We live in a time of unprecedented hope for the elimination of malaria worldwide. We have a fantastic toolkit with effective medications and simple, rapid, and accurate diagnostic tests. We have also made great strides in treatment availability in recent years, bringing testing and ACTs to rural clinics and community health workers. But bringing these tools ever closer to the patient isn’t enough. There is a reality that needs to be addressed – for the medicines to be effective they must get to those who need them, even though many people who desperately need treatment will not seek it. We have a Care Seeking Gap.

Part of the issue is cultural – in many parts of the world, malaria is considered akin to the flu, and even in the US the flu vaccine is woefully underutilized. Part of it is distrust in the system – despite truly heroic efforts on the part of many Ministries of Health, supply chain management remains a stubborn, persistent problem, and in many places stock-outs are still common.

The elephant in the room of malaria prevention is that, as an international community of practice, we have no consensus plan to bridge the Care Seeking Gap between treatment availability and epidemiological need – and we need to prepare one if we ever hope to get to zero.


Peace Corps Volunteer Ian Hennessee and Cheikh Tandian with a community health group.

Deaths in the family are a time of soul-searching. When Cheikh sat despondently on the bench in his family compound looking out through the fields of millet and corn thinking about what he could have done to prevent Sokhna’s death, the answer was obvious. He would change the script about what a community health worker is: instead of waiting passively for his sick neighbors to navigate the bamboo fence maze of Missira Dantilla’s footpaths to his front door, he would be proactive and go out on a regular basis to seek them. With the help of a Peace Corps Volunteer in his village, the President’s Malaria Initiative, and the Ministry of Health, the ProActive Community Treatment (ProACT) model was born.

Under ProACT, a community health worker does a weekly sweep of his or her village, visiting each household in turn and inquiring if anyone in the household has fever or other signs of malaria. If they do, testing and treatment is administered on the spot, for free. In the 2012 pilot, ProACT identified more malaria cases in one village in one month than the local clinic (which served five villages) did in three.

In 2013, ProACT was scaled up to 15 villages in a controlled trial that showed that not only did it detect more cases and earlier than the standard of care, but relative to the comparison villages the prevalence of symptomatic malaria decreased dramatically over the course of the project – we were seeing treatment as prevention.

 Best of all, contrary to our intuition that doing weekly sweeps might demotivate care seeking – why seek care when you know the doctor will come to you? – we found people were more likely to seek care when participating in ProACT. It was building trust in the community health workers.

With these results, the Government of Senegal scaled ProACT to an entire region in 2014 and is on track to implement it in two regions this year.
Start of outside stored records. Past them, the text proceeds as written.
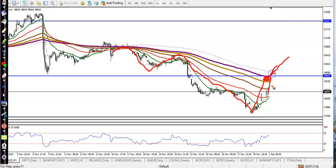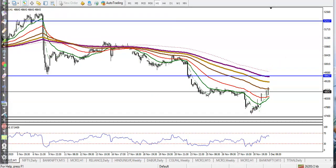We are looking for a short after hitting this target. In this area we are looking for a short after forming a bearish candlestick pattern. I hope you enjoyed this video — if you liked it please like and subscribe.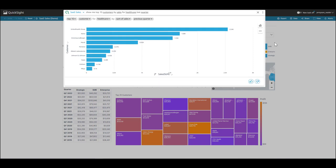Great! I see a bar chart showing top 10 customers. UnitedHealth Group and Aetna are at the very top, and Anthem and Pfizer are my bottom two customers. Interesting.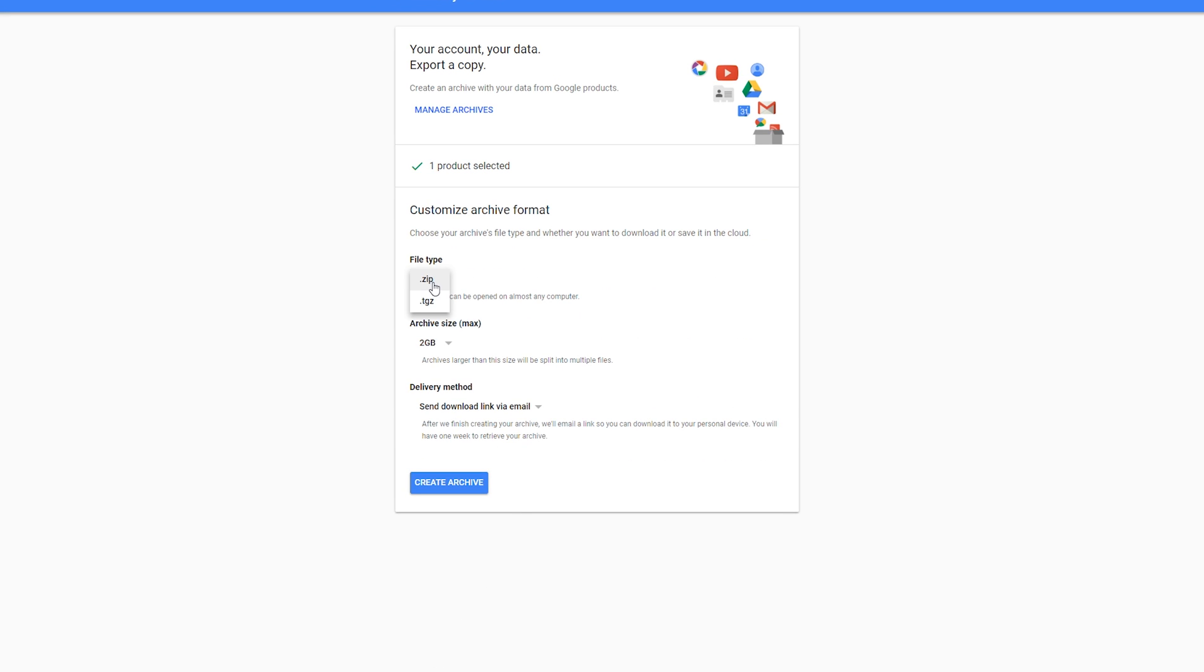The first thing you have to do is select the file type you wish to use. In this case I just recommend .zip. Then you'll have to select the archive size you want it in. You can choose 1, 2, 4, 10, or 50 gigabytes. In this case I'm going to be choosing 50 as I have a lot of uploaded YouTube videos.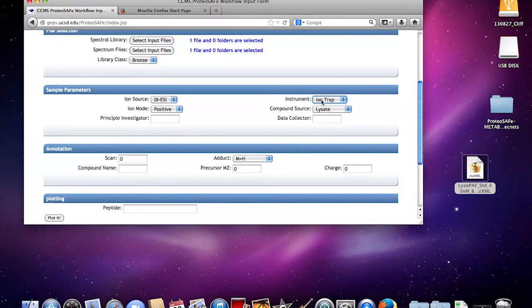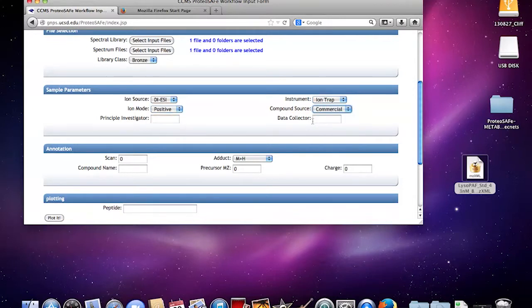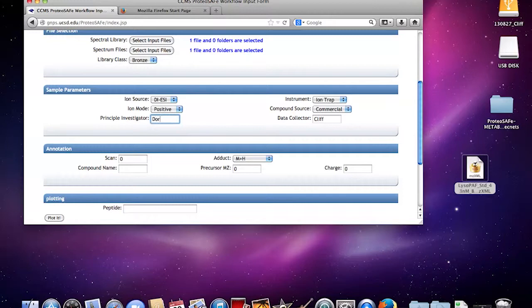Data collector would be me, let's call it Cliff, then principal investigator would be Doris Stein.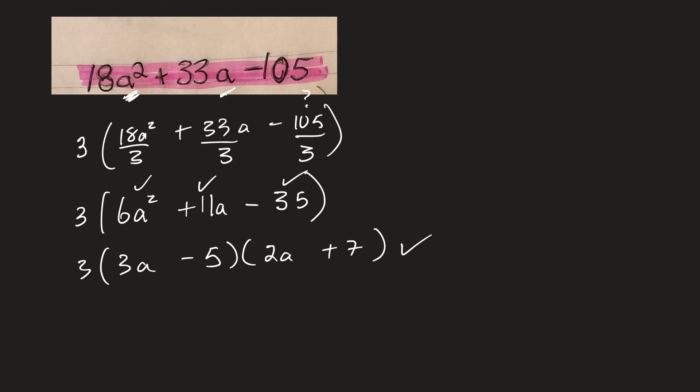Okay, so always take a common factor out first. But it has to be common to every term that's in the expression.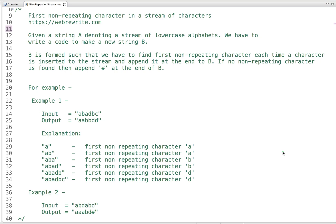In this tutorial let's solve a very interesting problem: first non-repeating character in a stream of characters. We will understand the problem statement, then discuss how we can approach and solve it. In this problem we are given a string denoting a stream of lowercase alphabets — the string is not given in one go, we have a continuous flow of characters coming in.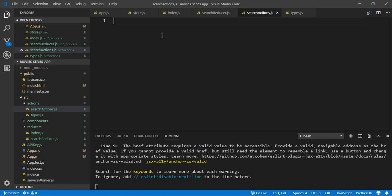Each action function has a type and a payload. When we create those functions and import them inside our application — for example, in our search box — when we hit Enter after typing some text, that will initialize an action, which is the SEARCH_MOVIE or fetch movies action.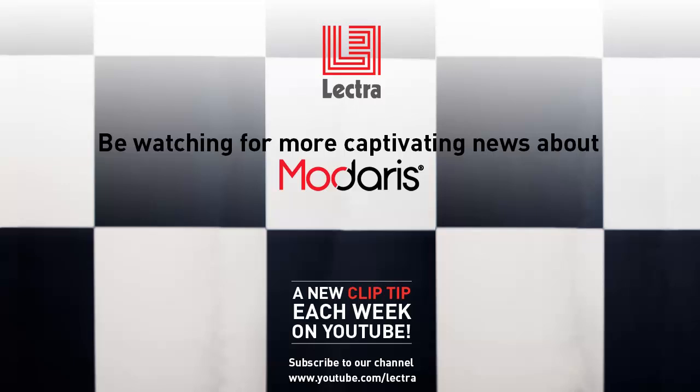We hope that you enjoyed the Modaris Did You Know series. Tune in again next week for more great tips from Lectra.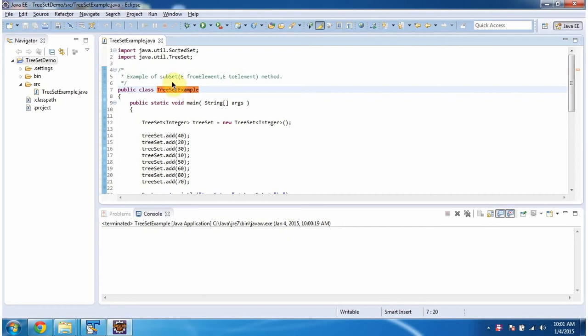Hi, this video tutorial I will cover subset method of TreeSet. To explain this, I have created this sample program.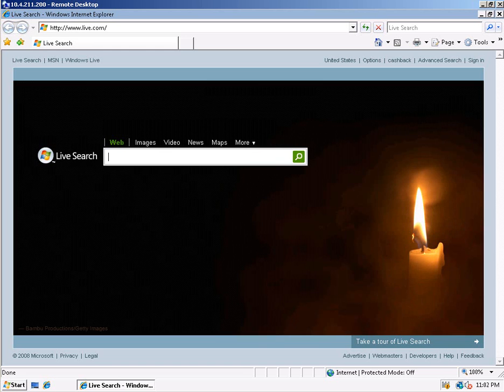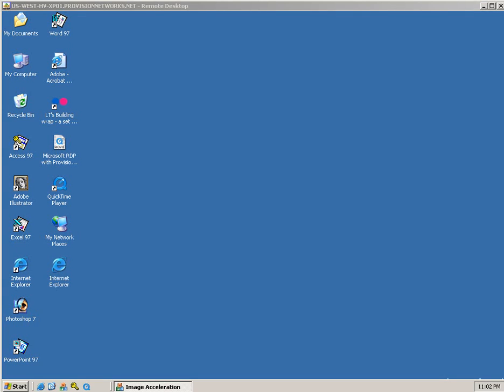The second demonstration is of the same web content rendered via Quest Software's RDP graphics acceleration over the same 56 kilobit per second WAN connection.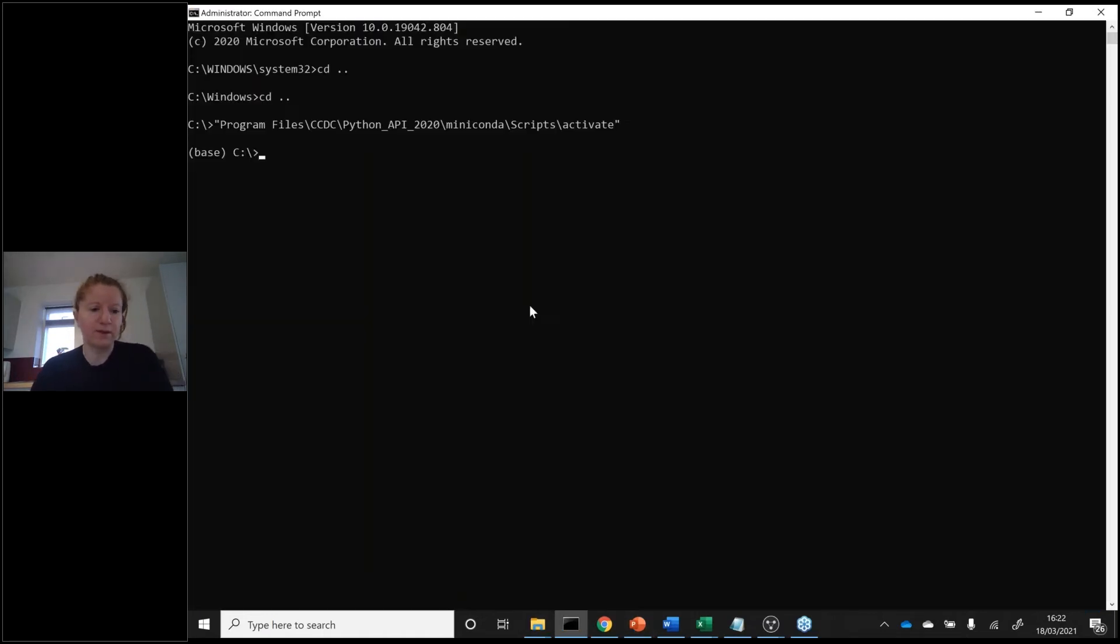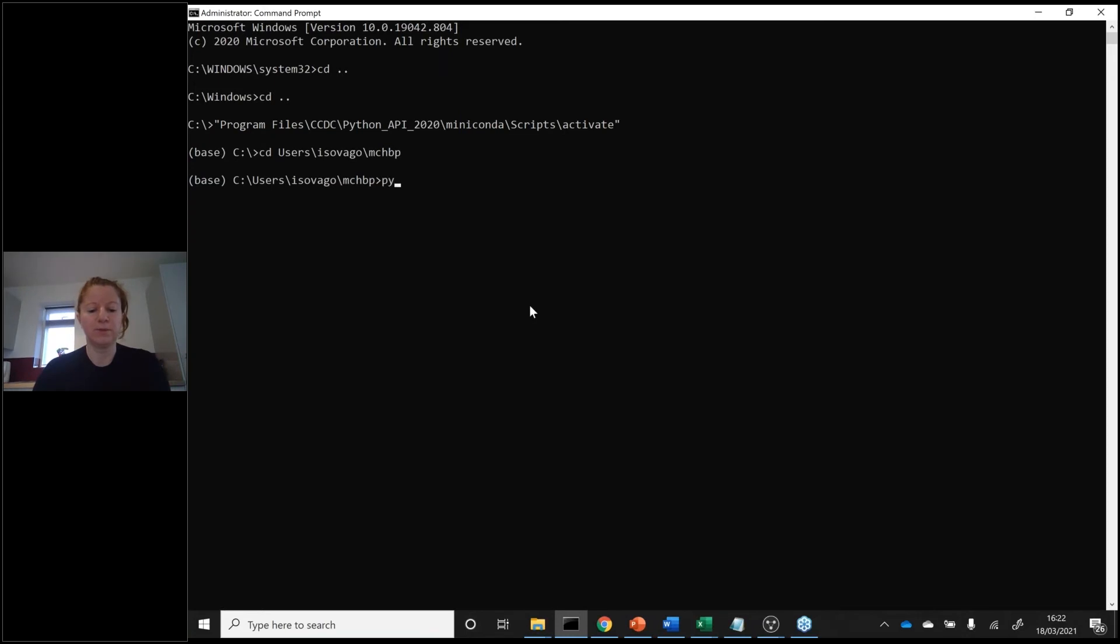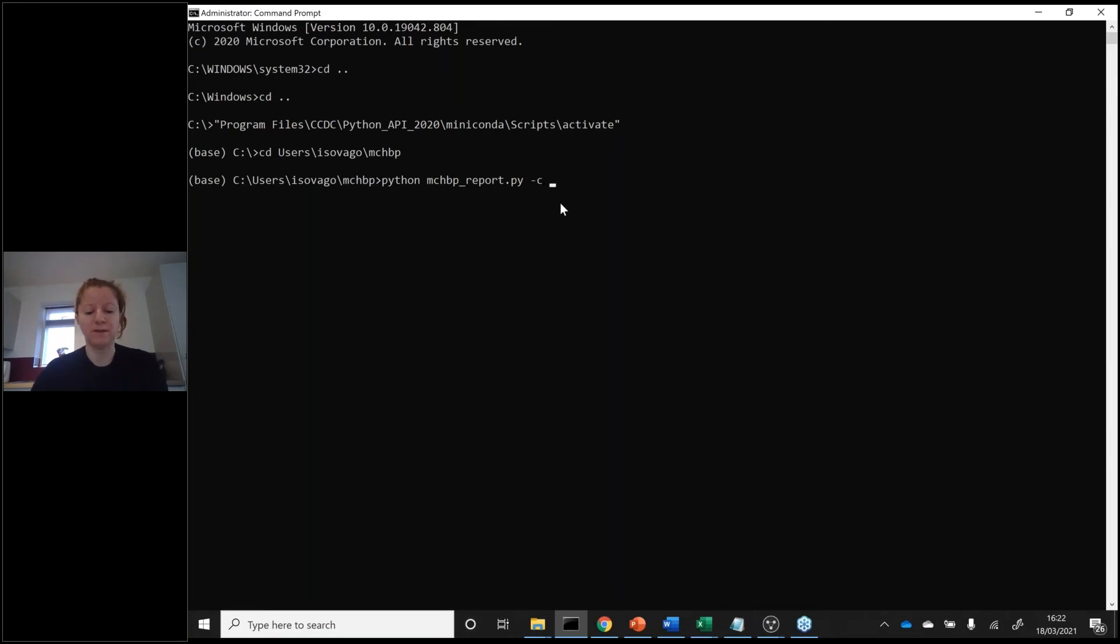To just run this script, let's go in that folder. Then you call Python, then the Python script which is called MCHBP_report, then minus C, and then you call the conformer library folder.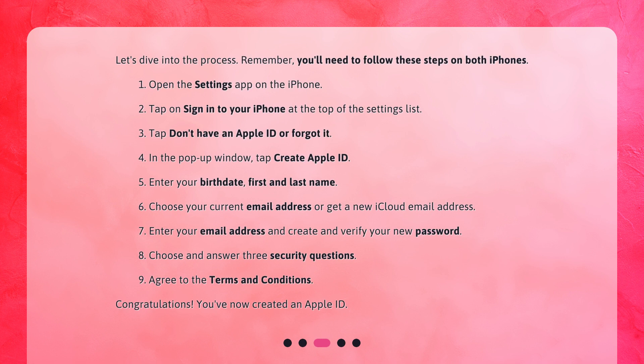1. Open the Settings app on the iPhone. 2. Tap on Sign in to your iPhone at the top of the Settings list. 3. Tap Don't have an Apple ID or forgot it. 4. In the pop-up window, tap Create Apple ID.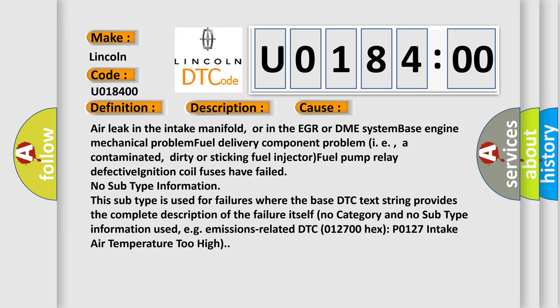This diagnostic error occurs most often in these cases: air leak in the intake manifold or in the EGR or DME system, base engine mechanical problem, fuel delivery component problem such as contaminated, dirty or sticking fuel injector, fuel pump relay defective, ignition coil fuses have failed.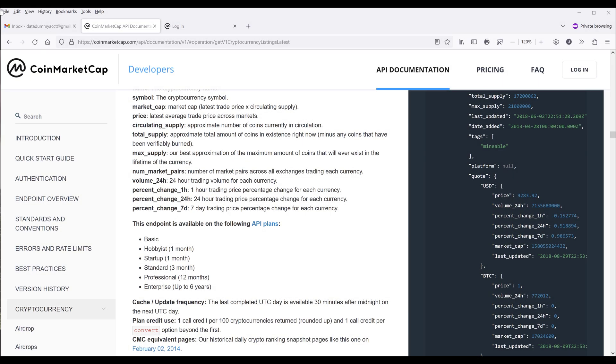Hey, how's it going guys? In this video, I'm going to show you how to pull cryptocurrency data in Google Sheets. Before we dive into the tutorial, I'll be using CoinMarketCap's API to pull the crypto data.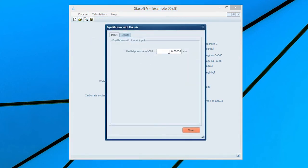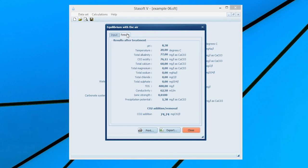Enter the partial pressure of carbon dioxide in the air by typing 0.00035 or accepting the default value into the partial pressure of carbon dioxide input box. Selection of the Results menu option will bring the Results After Treatment window onto the screen with values for the new state of the water and amount of carbon dioxide lost or gained by the water.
Peace Corps and local partners are piloting ProACT in Togo and Madagascar and looking to expand. In parallel, other innovative organizations like Project Muso in Mali have come to the same idea and are pursuing very similar models of active case finding.

The road to zero is long, and as we travel down it, there will be many Sokhnas lost along the way. No child should have to die simply because their parents didn’t know to seek care, or didn’t trust the health system to have the medicines they need. We must invest in health care delivery models that are specifically designed to reach children like Sokhna who may not seek care. It is time for ProACT to be part of the larger malaria prevention conversation.

 

[This entry is part of the #DefeatMalaria World Malaria Day 2015 blog series]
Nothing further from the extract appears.